Competition-Excess Industry Capacity.

The coal industry is intensely competitive, primarily as a result of the
existence of numerous producers in the coal-producing regions in which the
Company operates, and a number of the Company's competitors have greater
financial resources. The Company competes with several major coal producers in
the central Appalachian and Powder River Basin areas. The Company also competes
with a number of smaller producers in those and other market regions. The
Company is also subject to the risk of reduced profitability as a result of
excess industry capacity, which results in reduced coal prices.

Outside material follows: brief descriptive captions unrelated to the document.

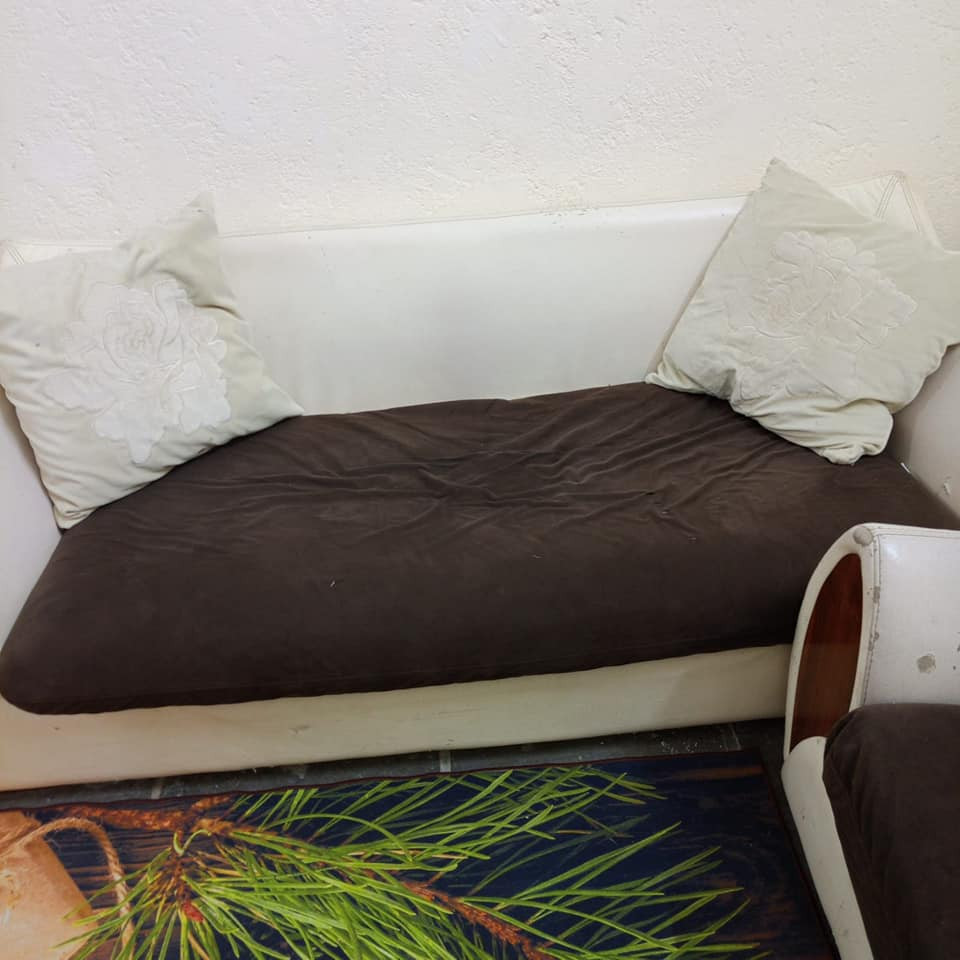 تخم للبيع مكان زديناويه سعر 60 واتساب ***********
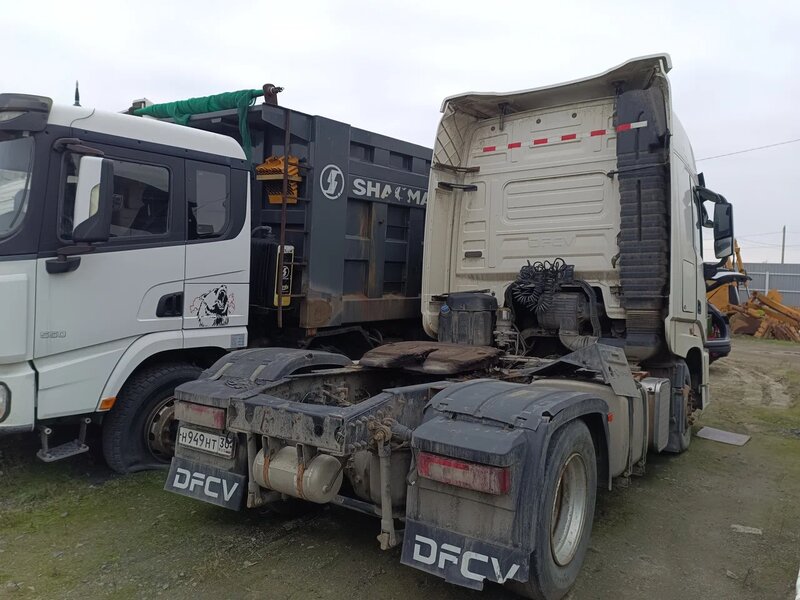 DongFeng DFH 4x2 Седельный тягач — фото 6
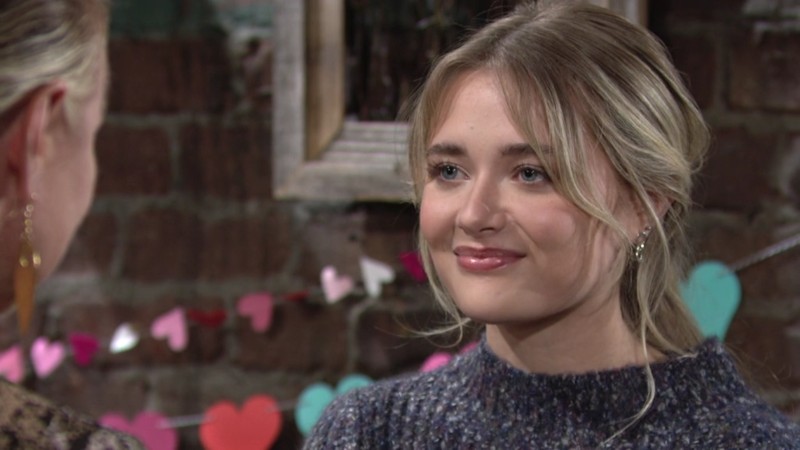 Faith (Reylynn Caster) veut trouver le cadeau parfait pour Moses. Les Feux de l'Amour, épisode 6628 (20 août 2024, RTBF)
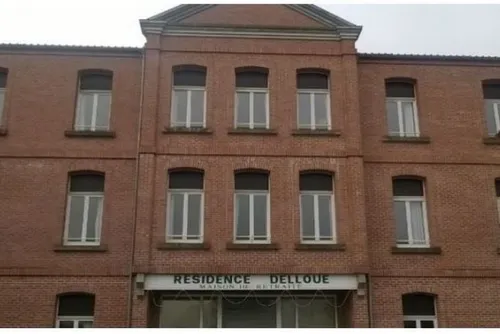 Bientôt la fin des chambres doubles, sans douche à l'EHPAD...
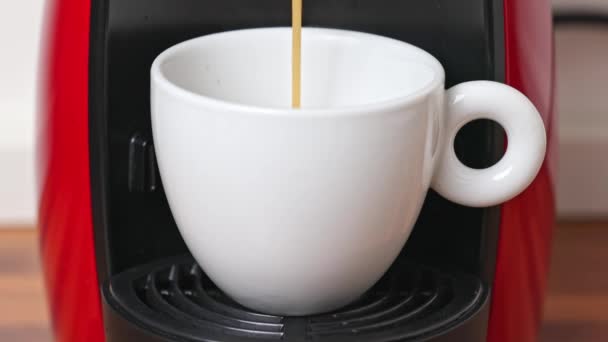 Aroma Coffee Automatic Coffee Machine Coffee Machine Pours Rich Stream — Stock Video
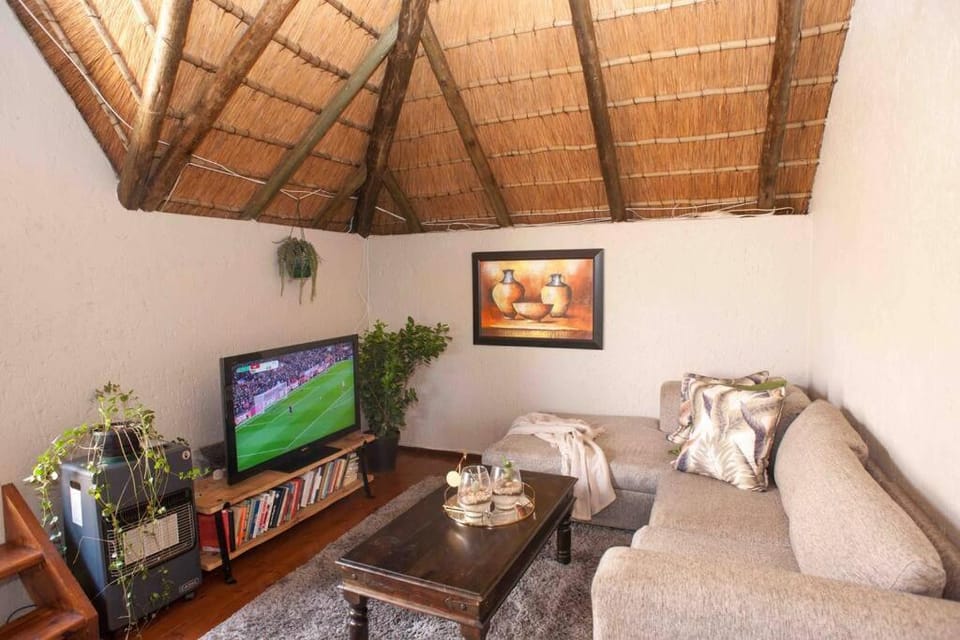 Perfectly located beauty in secure Estate Apartment in Sandton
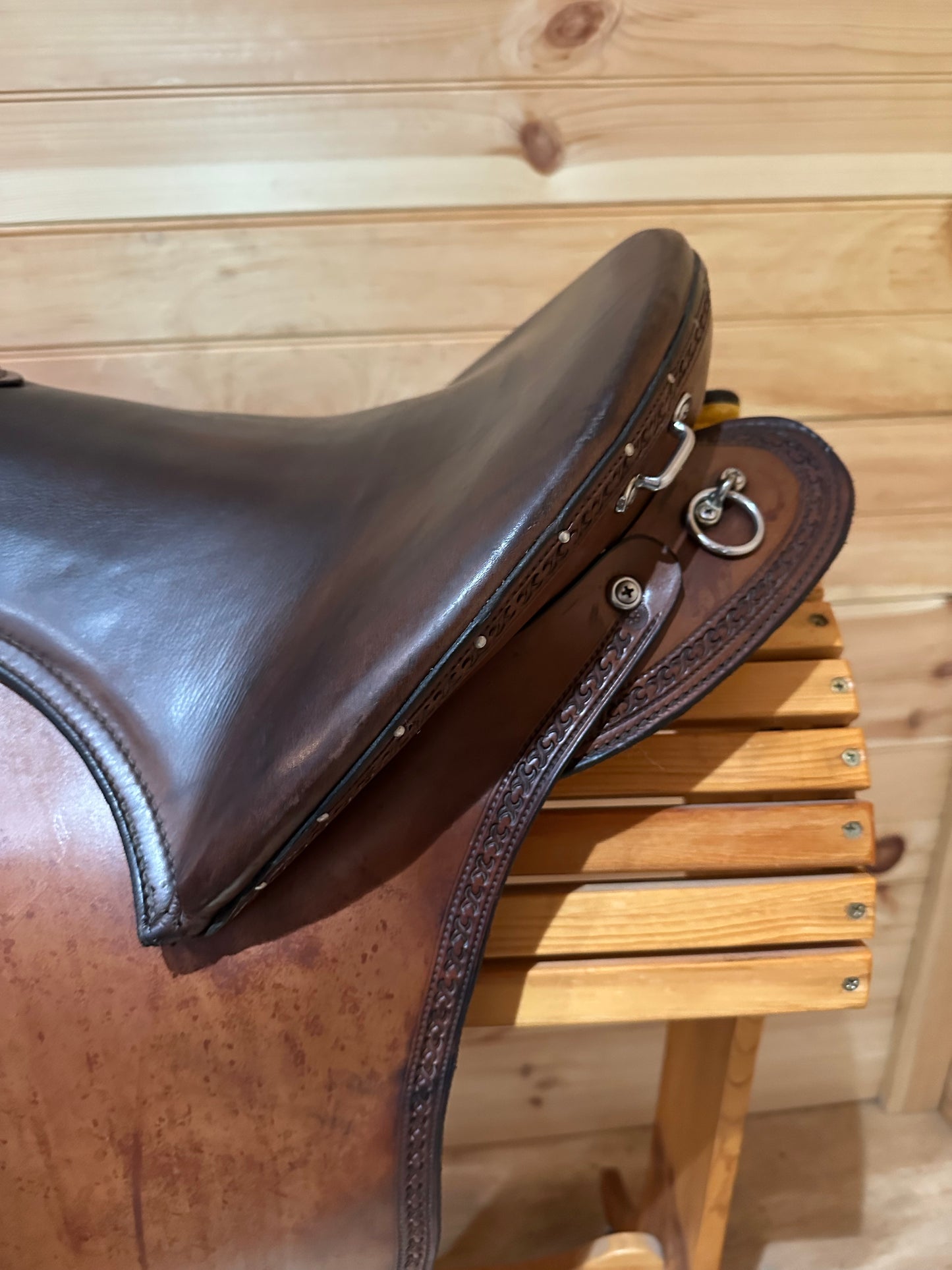 19” Double Creek Saddlery Buena Vista Saddle Model 104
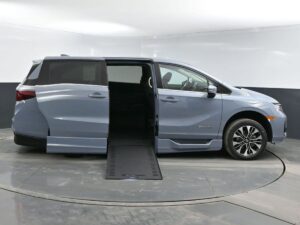 Grey Honda Odyssey with BraunAbility Side Entry Automatic In Floor conversion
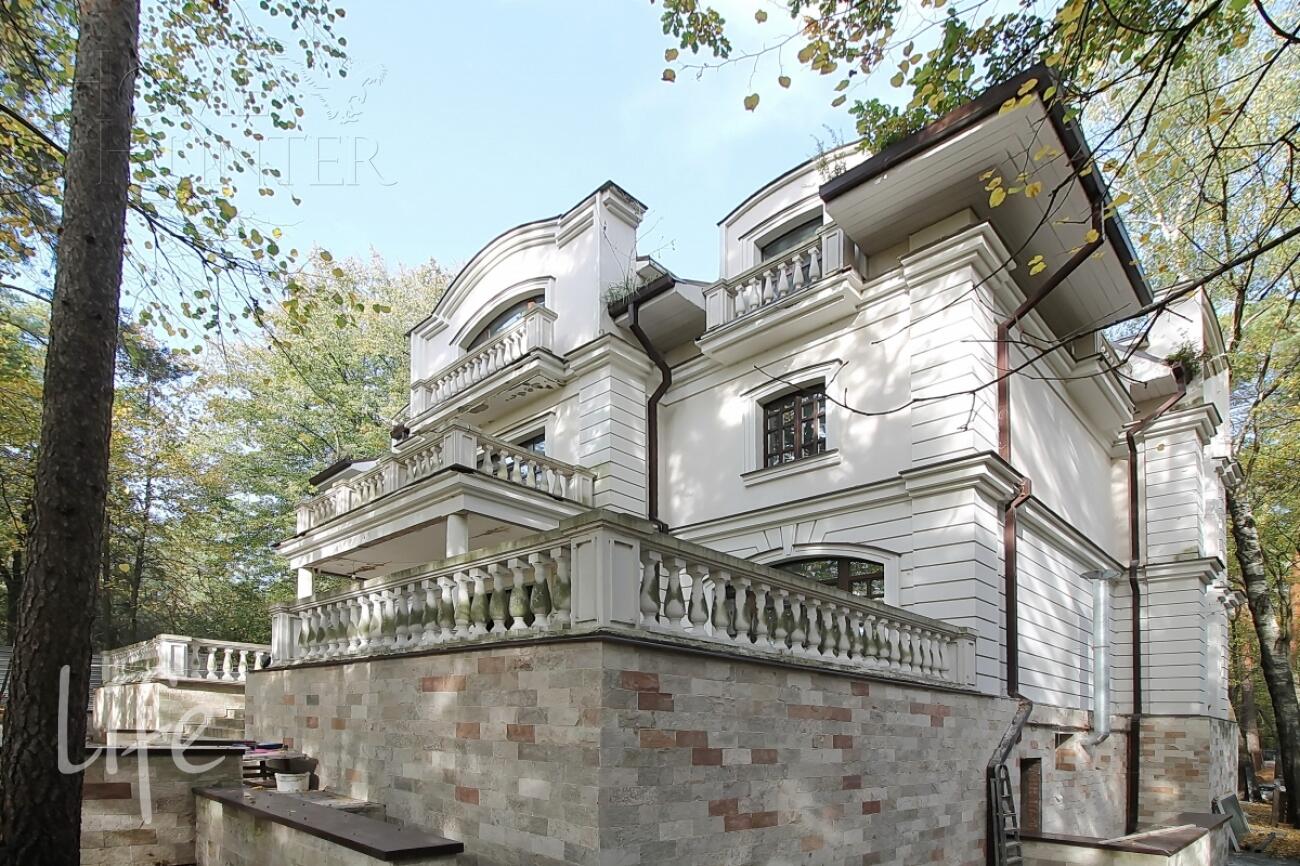 2-этажный коттедж 900 м² без отделки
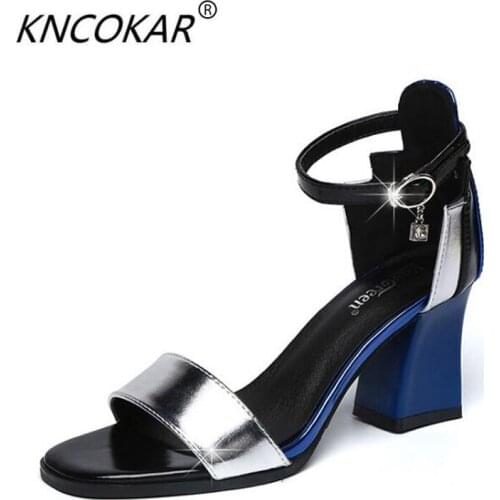 In the summer of 2018, the new high-heeled shoes are styled with a large size lady with high heels and sandals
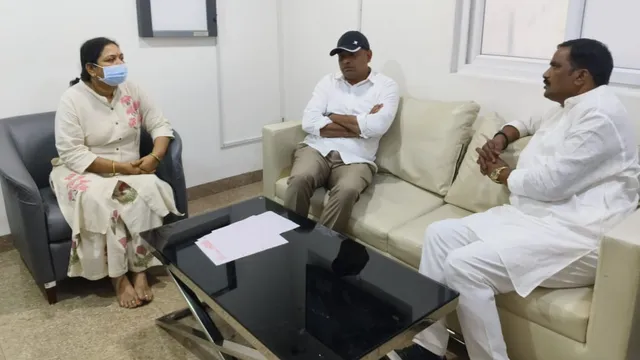 జిట్టా బాలకృష్ణారెడ్డికి కాంగ్రెస్ నేతల పరామర్శ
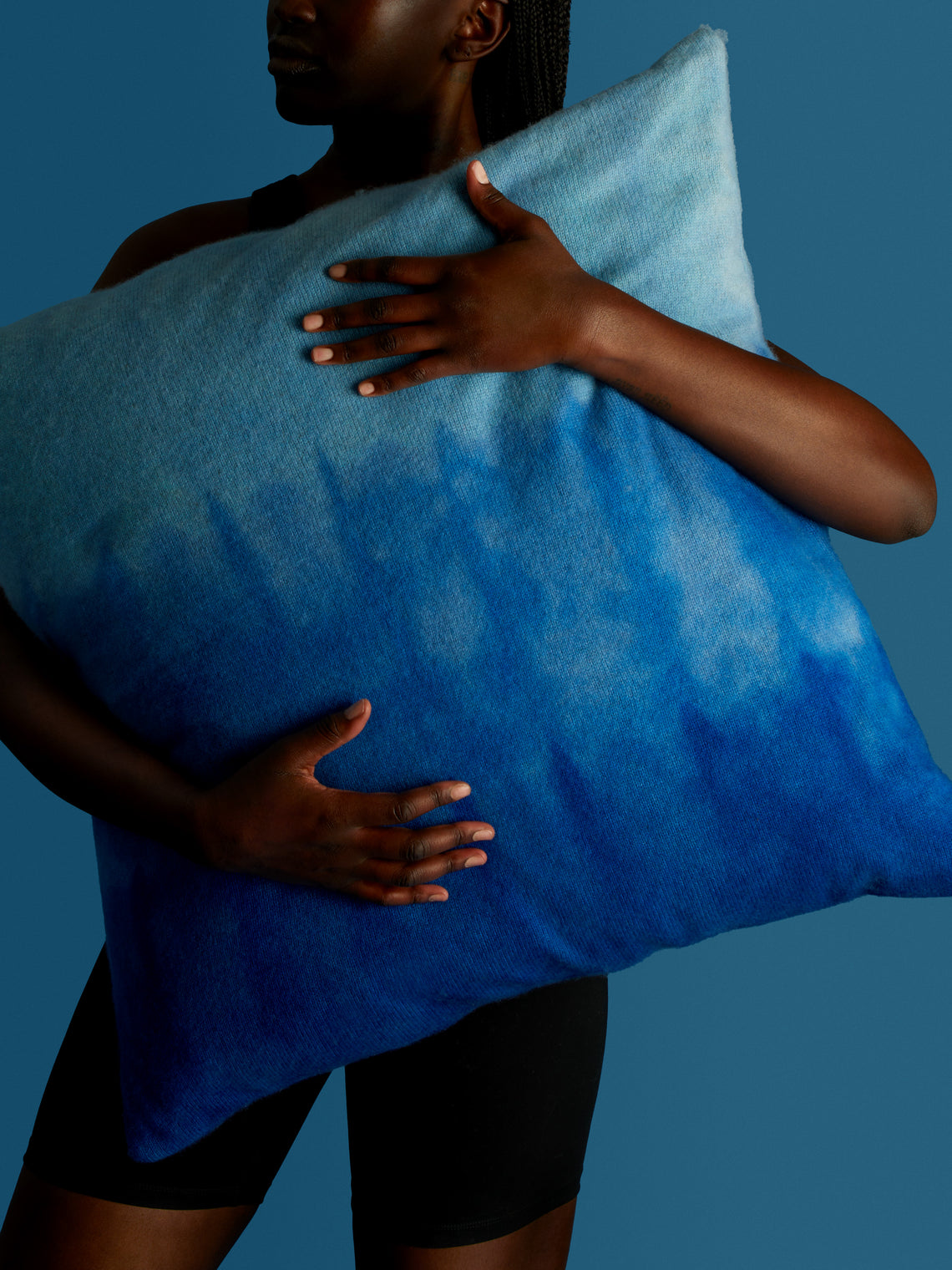 The Elder Statesman - Gradient Hand-Dyed Cashmere Pillow - Blue - ABASK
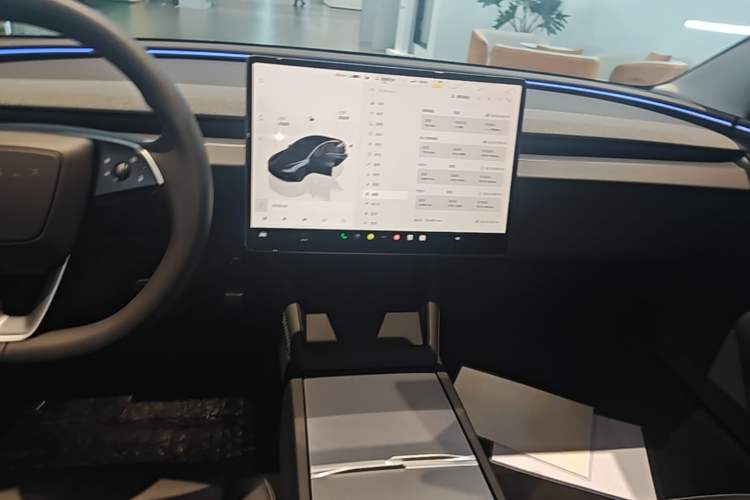 Used Tesla Model 3 2025 Rear-Wheel-Drive Version Audio And AC Panel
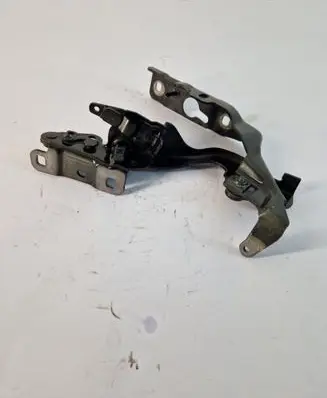 Mercedes-Benz GLA W156 X156 Engine bonnet/hood hinges A1768800428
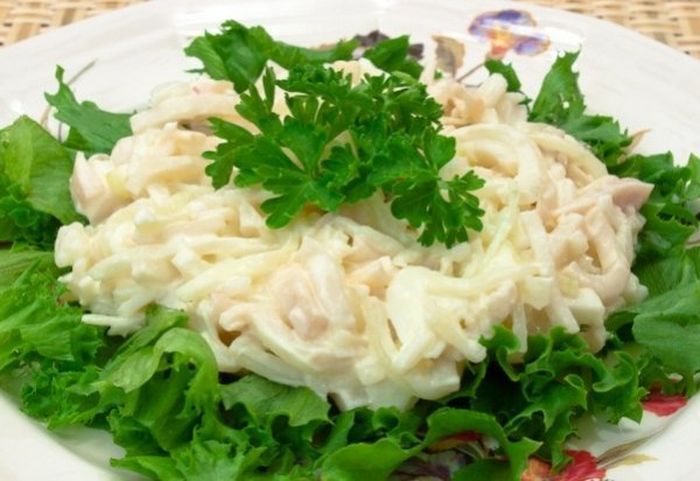 Салат с кальмарами и курицей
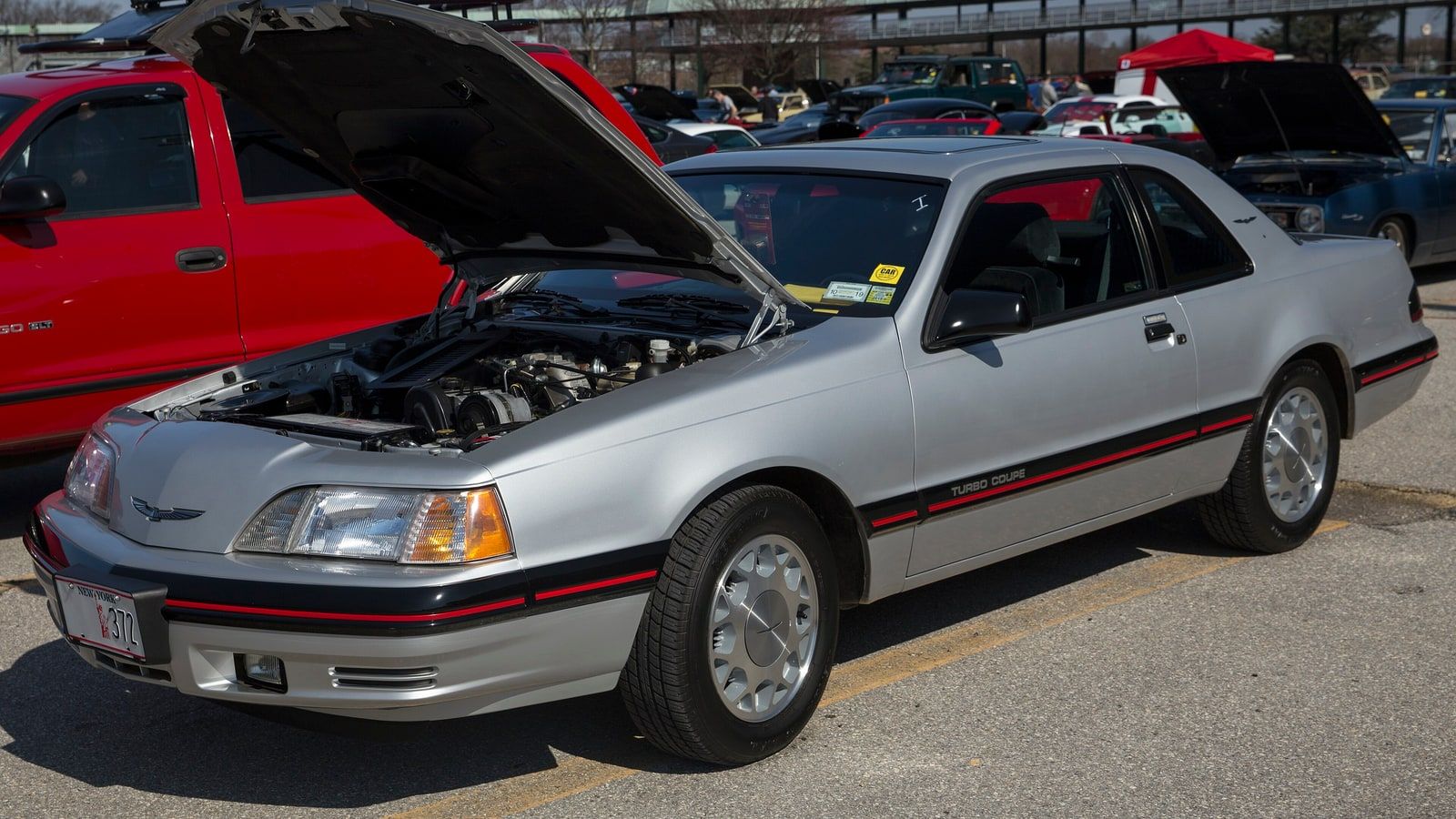 1987 Ford Thunderbird — exterior view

Electric Industry Factors.

Demand for coal and the prices that the Company will be able to obtain for its
coal are closely linked to coal consumption patterns of the domestic electric
generation industry, which has accounted for approximately 90% of domestic coal
consumption in recent years. These coal consumption patterns are influenced by
factors beyond the Company's control, including the demand for electricity
(which is dependent to a significant extent on summer and winter temperatures);
government regulation; technological developments and the location,
availability, quality and price of competing sources of coal; alternative fuels
such as natural gas, oil and nuclear; and alternative energy sources such as
hydroelectric power. Demand for the Company's low-sulfur coal and the prices
that the Company will be able to obtain for it will also be affected by the
price and availability of high-sulfur coal, which can be marketed in tandem with
emissions allowances in order to meet federal Clean Air Act requirements. Any
reduction in the demand for the Company's coal by the domestic electric
generation industry may cause a decline in profitability.

Electric utility deregulation is expected to provide incentives to generators of
electricity to minimize their fuel costs and is believed to have caused electric
generators to be more aggressive in negotiating prices with coal suppliers.
Deregulation may have a negative effect on the Company's profitability to the
extent it causes the Company's customers to be more cost-sensitive.

Reliance On And Terms Of Long-Term Coal Supply Contracts.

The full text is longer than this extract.